Material to process:

_ _ _ _ _ _ _

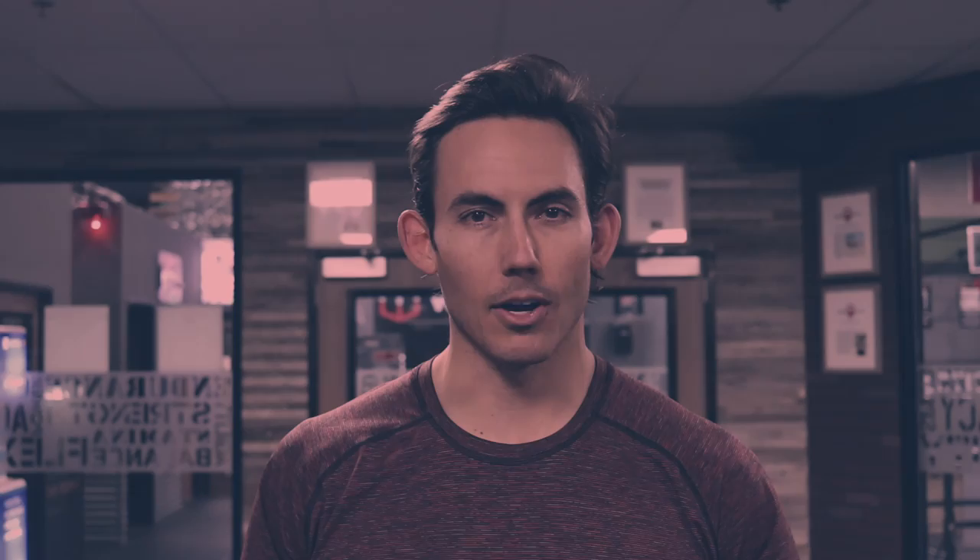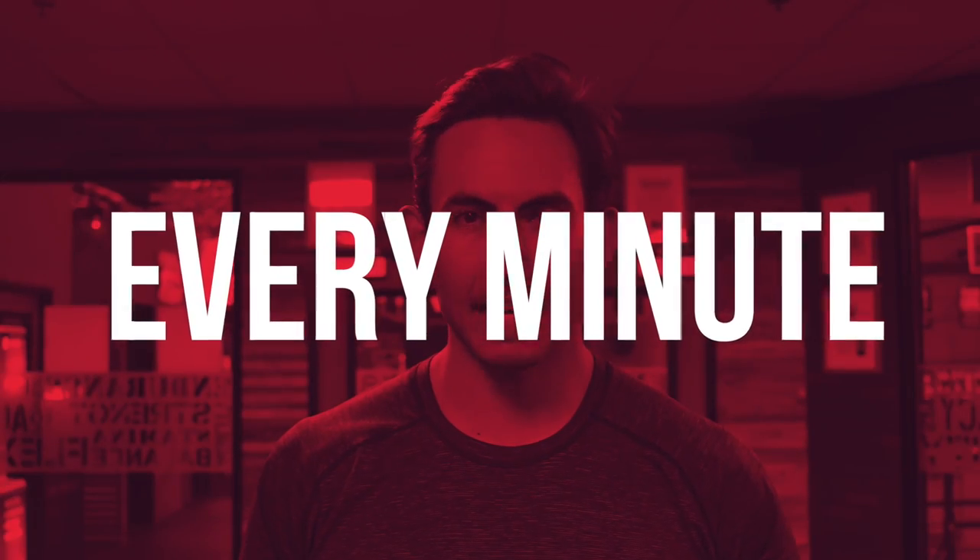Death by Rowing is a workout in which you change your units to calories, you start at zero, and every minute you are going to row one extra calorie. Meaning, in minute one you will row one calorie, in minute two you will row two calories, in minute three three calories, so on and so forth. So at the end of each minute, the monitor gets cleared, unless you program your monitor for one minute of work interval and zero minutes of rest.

_ _ _ _ _ _ _

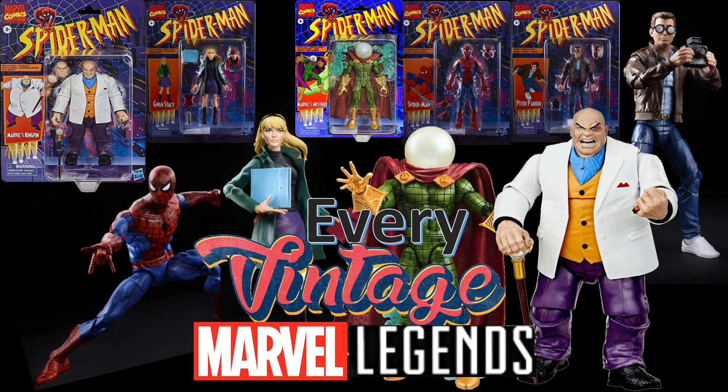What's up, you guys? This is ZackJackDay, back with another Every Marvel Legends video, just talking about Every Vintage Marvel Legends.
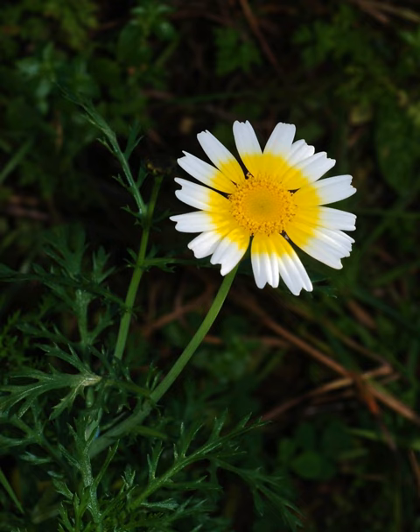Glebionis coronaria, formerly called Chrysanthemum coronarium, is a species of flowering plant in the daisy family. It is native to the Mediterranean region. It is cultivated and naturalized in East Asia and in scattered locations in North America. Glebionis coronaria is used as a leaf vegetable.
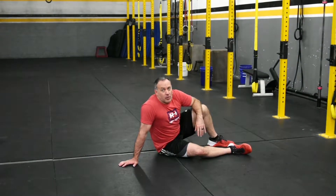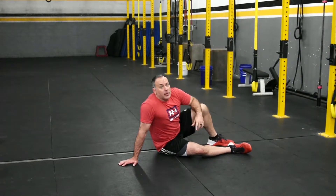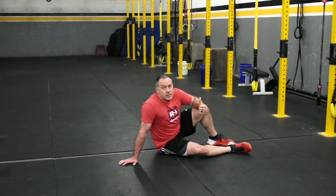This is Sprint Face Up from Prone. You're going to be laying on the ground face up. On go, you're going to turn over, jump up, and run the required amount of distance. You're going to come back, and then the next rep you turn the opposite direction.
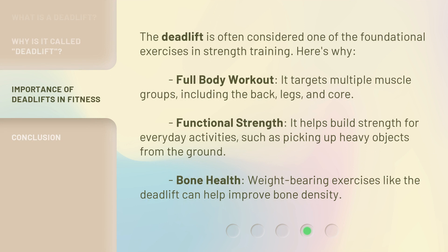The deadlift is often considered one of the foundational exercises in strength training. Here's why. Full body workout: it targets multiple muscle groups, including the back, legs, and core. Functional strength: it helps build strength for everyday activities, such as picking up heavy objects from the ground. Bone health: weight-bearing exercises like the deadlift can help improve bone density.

_ _ _ _ _ _ _

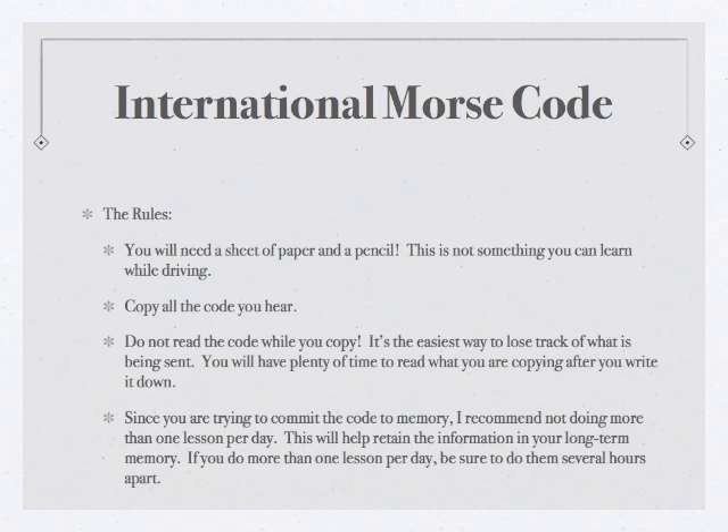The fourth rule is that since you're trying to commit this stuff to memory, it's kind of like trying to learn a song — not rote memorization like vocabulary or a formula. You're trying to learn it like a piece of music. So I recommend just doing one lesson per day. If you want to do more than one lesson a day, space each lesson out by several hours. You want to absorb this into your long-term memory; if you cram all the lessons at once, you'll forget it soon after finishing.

_ _ _ _ _ _ _

What is needed:
Word for word, repeat the lines above from the one with "Glebionis coronaria, formerly" through the one with "The deadlift is", and nothing beyond them. Omit the pictures.

Answer below:
Glebionis coronaria, formerly called Chrysanthemum coronarium, is a species of flowering plant in the daisy family. It is native to the Mediterranean region. It is cultivated and naturalized in East Asia and in scattered locations in North America. Glebionis coronaria is used as a leaf vegetable.
This is Sprint Face Up from Prone. You're going to be laying on the ground face up. On go, you're going to turn over, jump up, and run the required amount of distance. You're going to come back, and then the next rep you turn the opposite direction.
The deadlift is often considered one of the foundational exercises in strength training. Here's why. Full body workout: it targets multiple muscle groups, including the back, legs, and core. Functional strength: it helps build strength for everyday activities, such as picking up heavy objects from the ground. Bone health: weight-bearing exercises like the deadlift can help improve bone density.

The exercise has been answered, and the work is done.